>>>>>

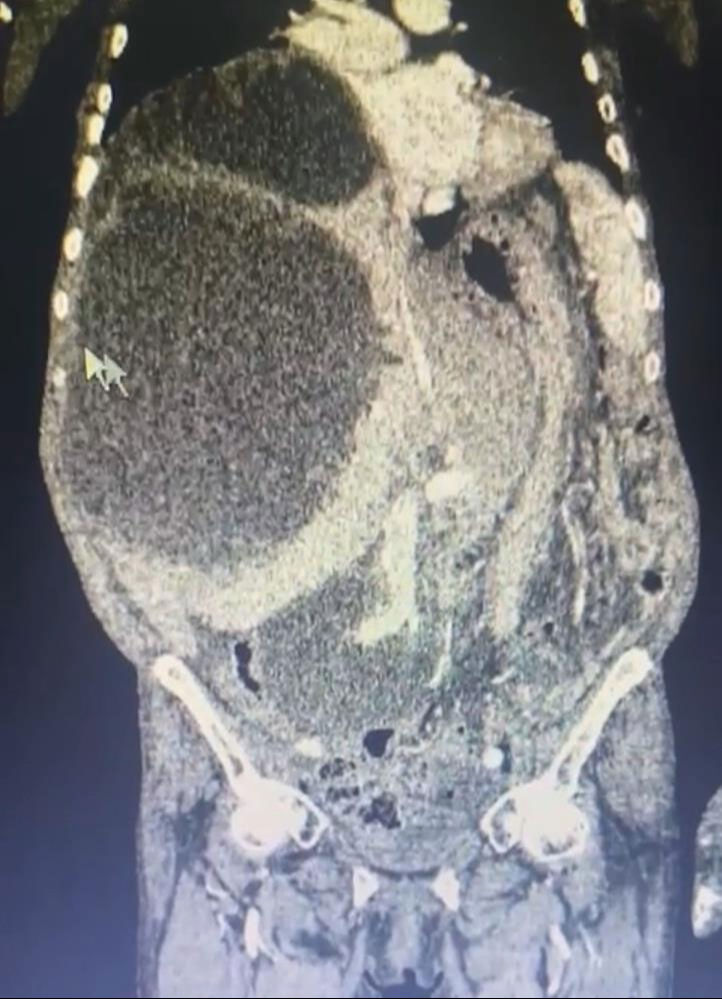 Ağrı ve şişlik şikayetiyle başvurdu! Meğer kedi köpekten bulaşmış, karnını doldurmuş - 3. Resim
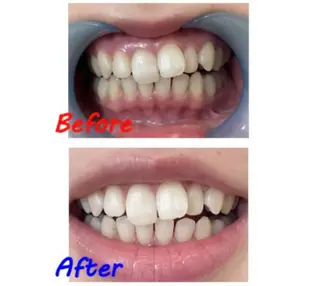 セルフホワイトニングサロン　ラヴィアン所属・ホワイトニングサロン La vie enのその他イメージ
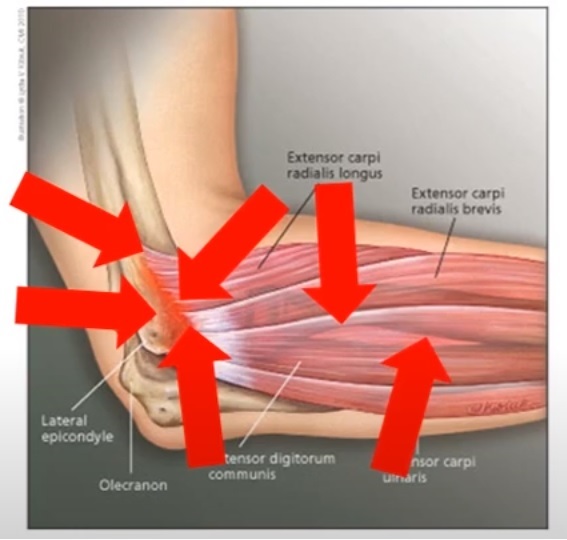 elbow-probe-locations-post-1 - IPA Physio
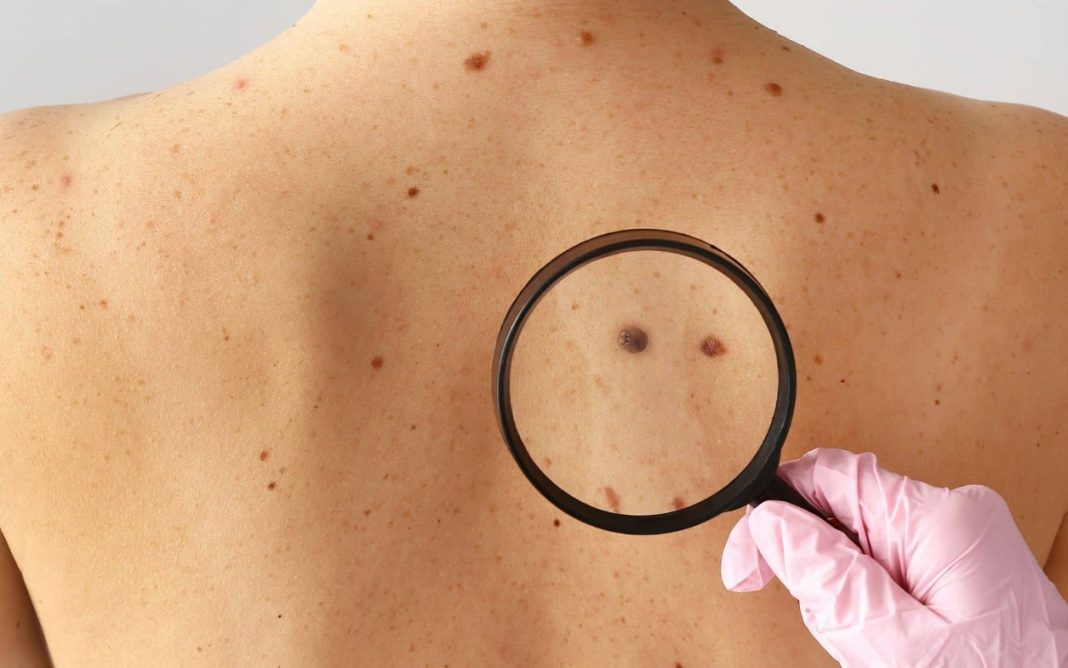 καρκίνο δέρματος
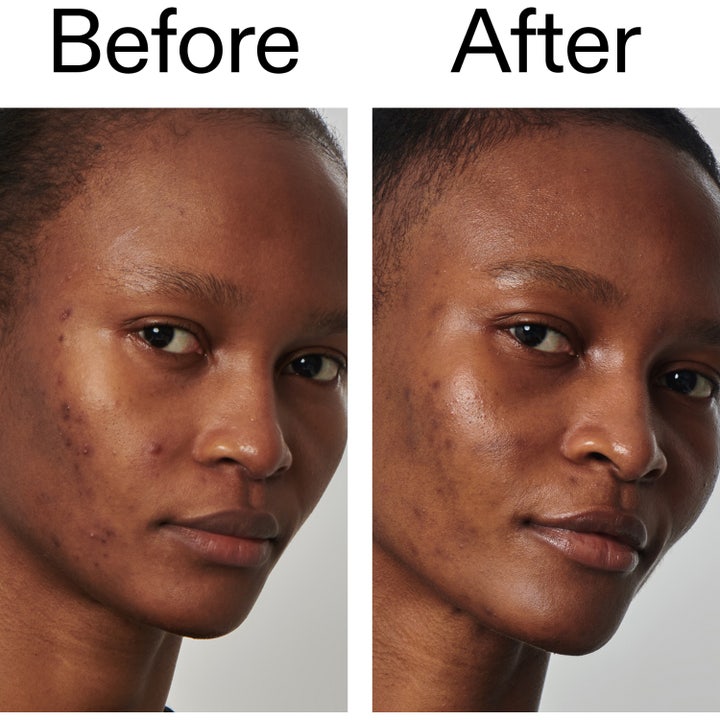 Niacinamide Serum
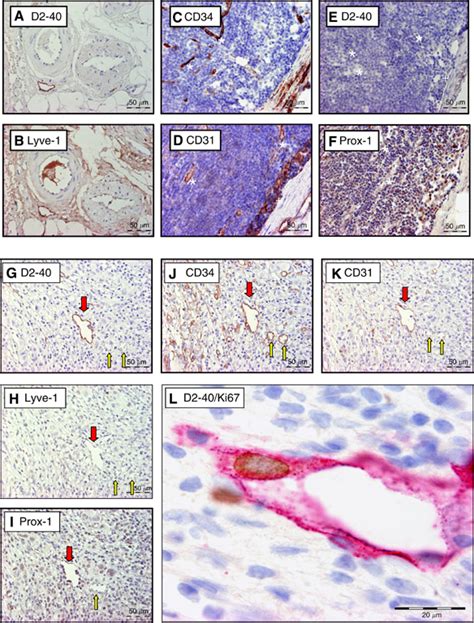 Overview Of The Immunohistochemical Stains Used On Serial Sections Of A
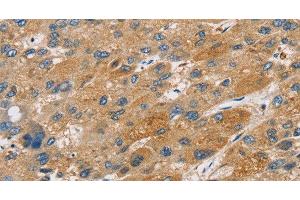 Immunohistochemistry of paraffin-embedded Human liver cancer tissue using ST18 Polyclonal Antibody at dilution 1:50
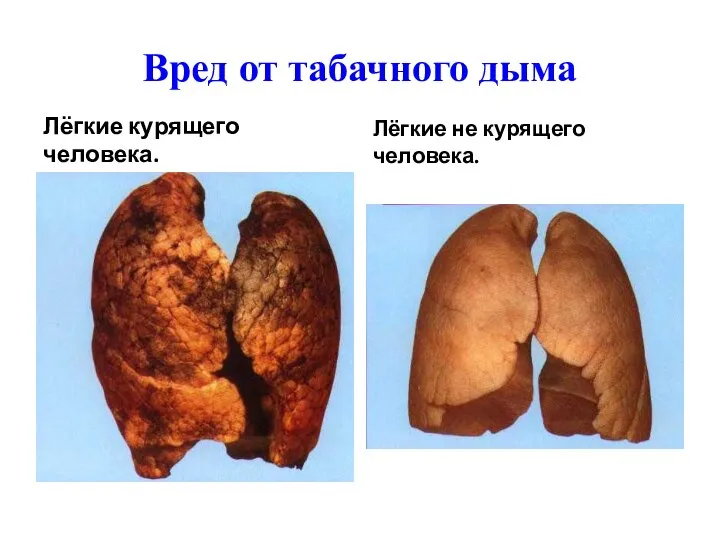 Вред от табачного дыма Лёгкие курящего человека. Лёгкие не курящего человека.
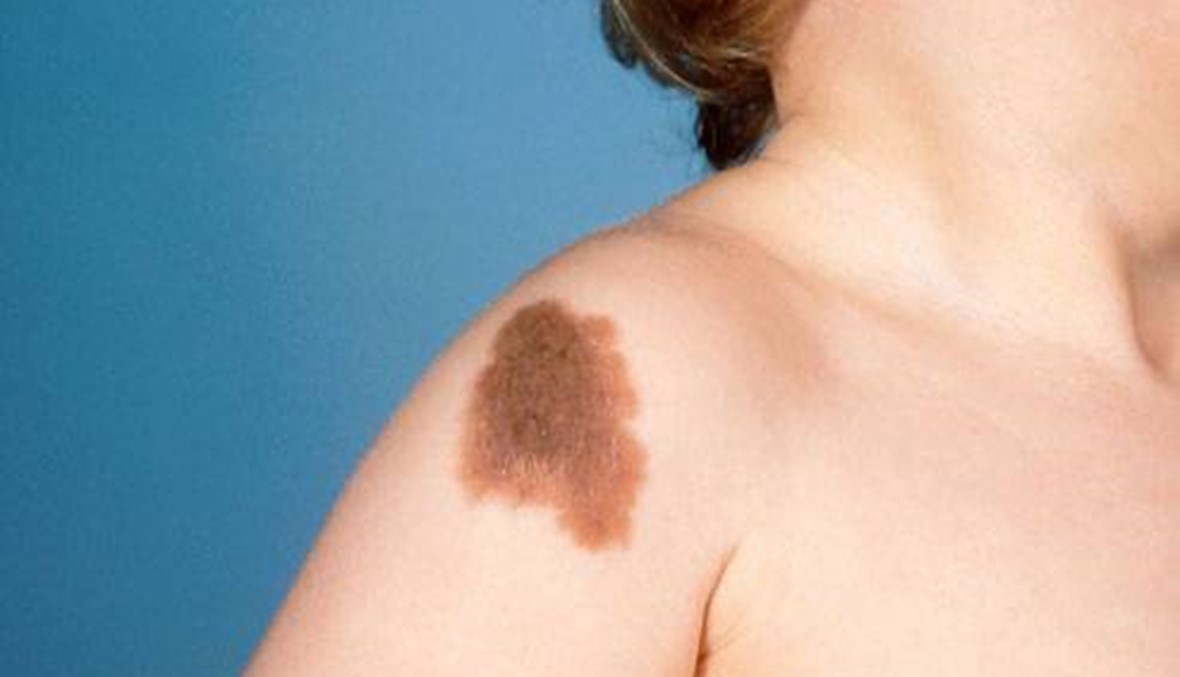 الوحمات البنية ليست جميعها بريئة... والشهوة خرافة اجتماعية؟!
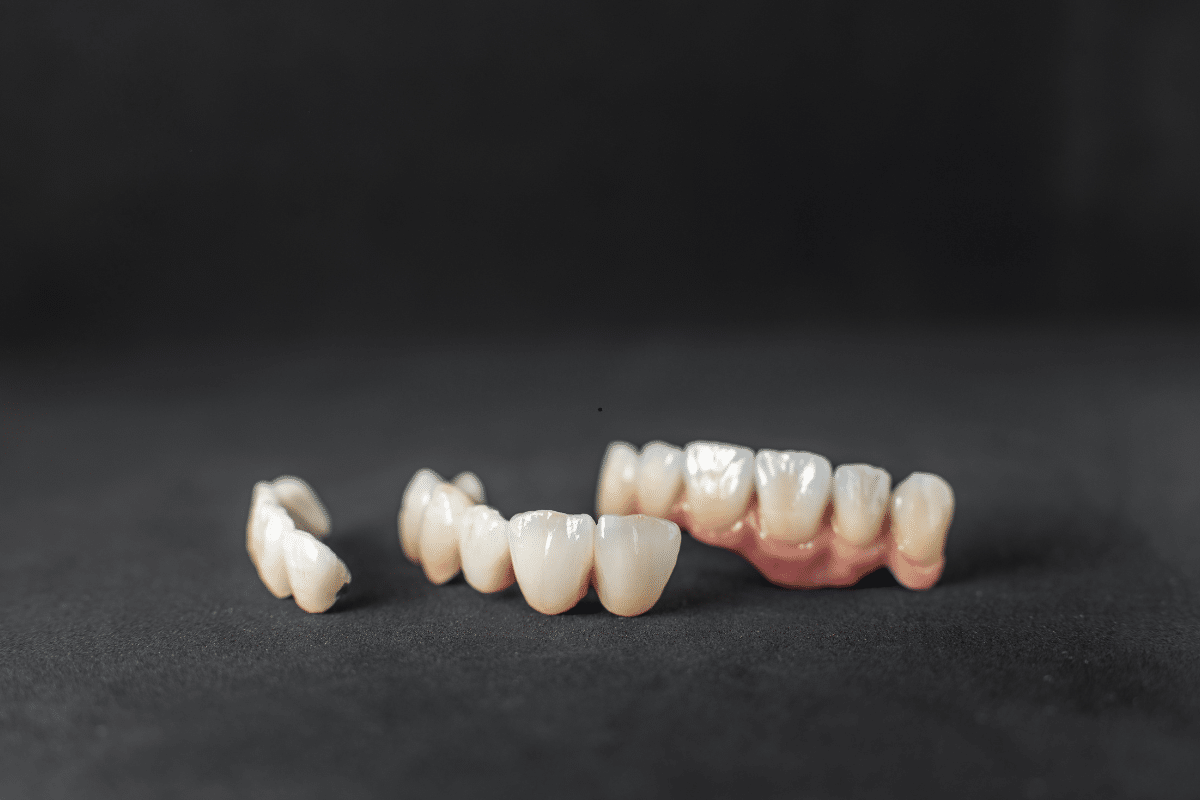 Featured image for “Smile Transformation: Exploring Minimally Invasive Veneers”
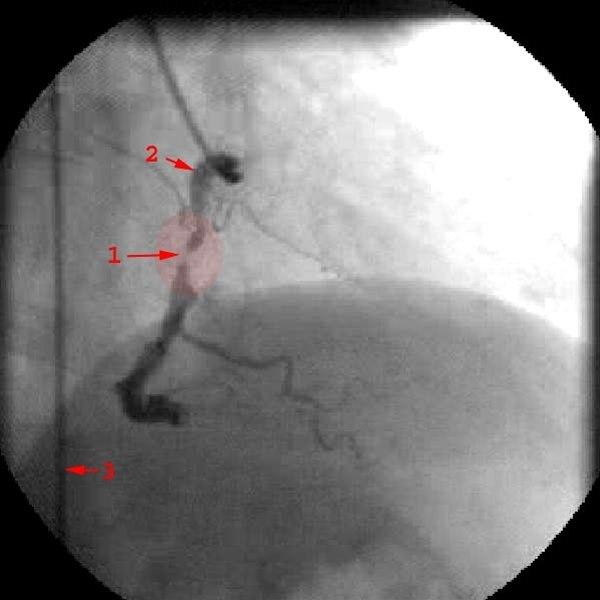 Stenose RCA
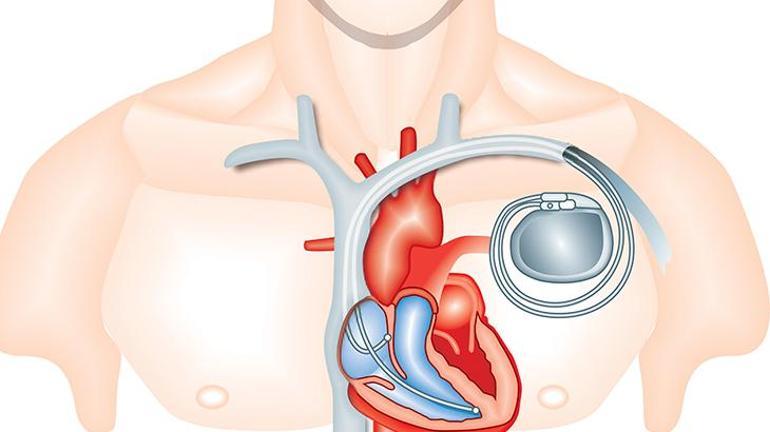 Kalıcı kalp pili takılanların adım adım uyması gereken 8 hayati kural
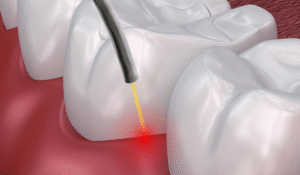 Leia mais sobre o artigo A REVOLUÇÃO EM TRATAMENTOS DE PERIODONTITE E PERIOIMPLANTES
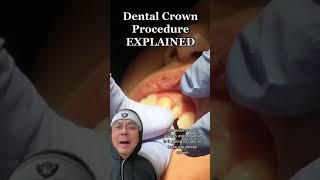 Dental Crown Procedure | In Office to Hands On Dental Training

<<<<<

Task directions: As you output the material, omit the pictures but alter nothing else.

Exercise answer:
 Ağrı ve şişlik şikayetiyle başvurdu! Meğer kedi köpekten bulaşmış, karnını doldurmuş - 3. Resim
 セルフホワイトニングサロン　ラヴィアン所属・ホワイトニングサロン La vie enのその他イメージ
 elbow-probe-locations-post-1 - IPA Physio
 καρκίνο δέρματος
 Niacinamide Serum
 Overview Of The Immunohistochemical Stains Used On Serial Sections Of A
 Immunohistochemistry of paraffin-embedded Human liver cancer tissue using ST18 Polyclonal Antibody at dilution 1:50
 Вред от табачного дыма Лёгкие курящего человека. Лёгкие не курящего человека.
 الوحمات البنية ليست جميعها بريئة... والشهوة خرافة اجتماعية؟!
 Featured image for “Smile Transformation: Exploring Minimally Invasive Veneers”
 Stenose RCA
 Kalıcı kalp pili takılanların adım adım uyması gereken 8 hayati kural
 Leia mais sobre o artigo A REVOLUÇÃO EM TRATAMENTOS DE PERIODONTITE E PERIOIMPLANTES
 Dental Crown Procedure | In Office to Hands On Dental Training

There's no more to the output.